In our Rust code, we won't receive it as a tuple, though, it'll also be an array.
This isn't crucial for this example, so just accept it for now.
As you saw in the arguments chapter, we take kwargs by defining a struct for them:
And we can finally move to the actual plugin code:
// We need this to ensure the output is of dtype array.
// Unfortunately, polars plugins do not support something similar to:
// #[polars_expr(output_type=Array)]
pub fn point_2d_output(_: &[Field]) -> PolarsResult<Field> {
Ok(Field::new(
PlSmallStr::from_static("point_2d"),
DataType::Array(Box::new(DataType::Float64), 2),
))
}
#[polars_expr(output_type_func=point_2d_output)]
fn midpoint_2d(inputs: &[Series], kwargs: MidPoint2DKwargs) -> PolarsResult<Series> {
let ca: &ArrayChunked = inputs[0].array()?;
let ref_point = kwargs.ref_point;
let out: ArrayChunked = unsafe {
ca.try_apply_amortized_same_type(|row| {
let s = row.as_ref();
let ca = s.f64()?;
let out_inner: Float64Chunked = ca
.iter()
.enumerate()
.map(|(idx, opt_val)| {
opt_val.map(|val| {
(val + ref_point[idx]) / 2.0f64
})
}).collect_trusted();
Ok(out_inner.into_series())
})}?;
Ok(out.into_series())
}
Uh-oh, unsafe, we're doomed!
Hold on a moment - it's true that we need unsafe here, but let's not freak out.

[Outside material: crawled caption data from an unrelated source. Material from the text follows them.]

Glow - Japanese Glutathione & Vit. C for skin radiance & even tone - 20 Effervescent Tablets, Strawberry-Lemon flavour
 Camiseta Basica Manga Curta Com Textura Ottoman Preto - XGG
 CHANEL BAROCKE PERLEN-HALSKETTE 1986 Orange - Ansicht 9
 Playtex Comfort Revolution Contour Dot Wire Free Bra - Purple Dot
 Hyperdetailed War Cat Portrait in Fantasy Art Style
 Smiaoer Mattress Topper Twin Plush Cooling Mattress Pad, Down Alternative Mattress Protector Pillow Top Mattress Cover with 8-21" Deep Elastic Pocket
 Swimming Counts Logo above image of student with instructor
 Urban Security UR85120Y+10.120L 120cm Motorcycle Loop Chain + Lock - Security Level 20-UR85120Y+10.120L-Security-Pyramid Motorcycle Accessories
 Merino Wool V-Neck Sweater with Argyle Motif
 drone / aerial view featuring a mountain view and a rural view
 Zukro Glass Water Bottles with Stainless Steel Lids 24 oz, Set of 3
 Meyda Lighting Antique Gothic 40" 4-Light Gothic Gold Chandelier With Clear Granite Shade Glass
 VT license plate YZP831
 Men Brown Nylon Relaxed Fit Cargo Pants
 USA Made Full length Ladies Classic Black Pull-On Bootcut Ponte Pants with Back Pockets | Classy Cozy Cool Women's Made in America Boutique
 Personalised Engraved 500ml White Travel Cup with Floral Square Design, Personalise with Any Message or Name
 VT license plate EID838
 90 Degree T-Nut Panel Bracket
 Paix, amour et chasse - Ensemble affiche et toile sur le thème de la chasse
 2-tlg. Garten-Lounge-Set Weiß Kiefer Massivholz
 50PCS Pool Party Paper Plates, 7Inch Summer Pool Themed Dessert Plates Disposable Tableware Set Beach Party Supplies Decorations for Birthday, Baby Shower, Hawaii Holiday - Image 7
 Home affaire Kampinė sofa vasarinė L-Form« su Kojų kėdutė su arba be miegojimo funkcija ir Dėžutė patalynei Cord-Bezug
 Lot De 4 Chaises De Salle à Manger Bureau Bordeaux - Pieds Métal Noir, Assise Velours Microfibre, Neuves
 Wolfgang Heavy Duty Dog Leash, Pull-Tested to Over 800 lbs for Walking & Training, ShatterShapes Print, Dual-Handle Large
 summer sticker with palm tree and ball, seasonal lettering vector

If we read the docs of try_apply_amortized_same_type
, we see the following:
In this example, we can uphold that contract - we know we're returning a Series with the same number of elements and same dtype as the input!
Still, the code looks a bit scary, doesn't it? So let's break it down:
let out: ArrayChunked = unsafe {
// This is similar to apply_values, but it's amortized and made specifically
// for arrays.
ca.try_apply_amortized_same_type(|row| {
let s = row.as_ref();
// `s` is a Series which contains two elements.
// We unpack it similarly to the way we've been unpacking Series in the
// previous chapters:
//
// Previously we've been doing this to unpack a column we had behind a
// Series - this time, inside this closure, the Series contains the two
// elements composing the "row" (x and y):
let ca = s.f64()?;
// There are many ways to extract the x and y coordinates from ca.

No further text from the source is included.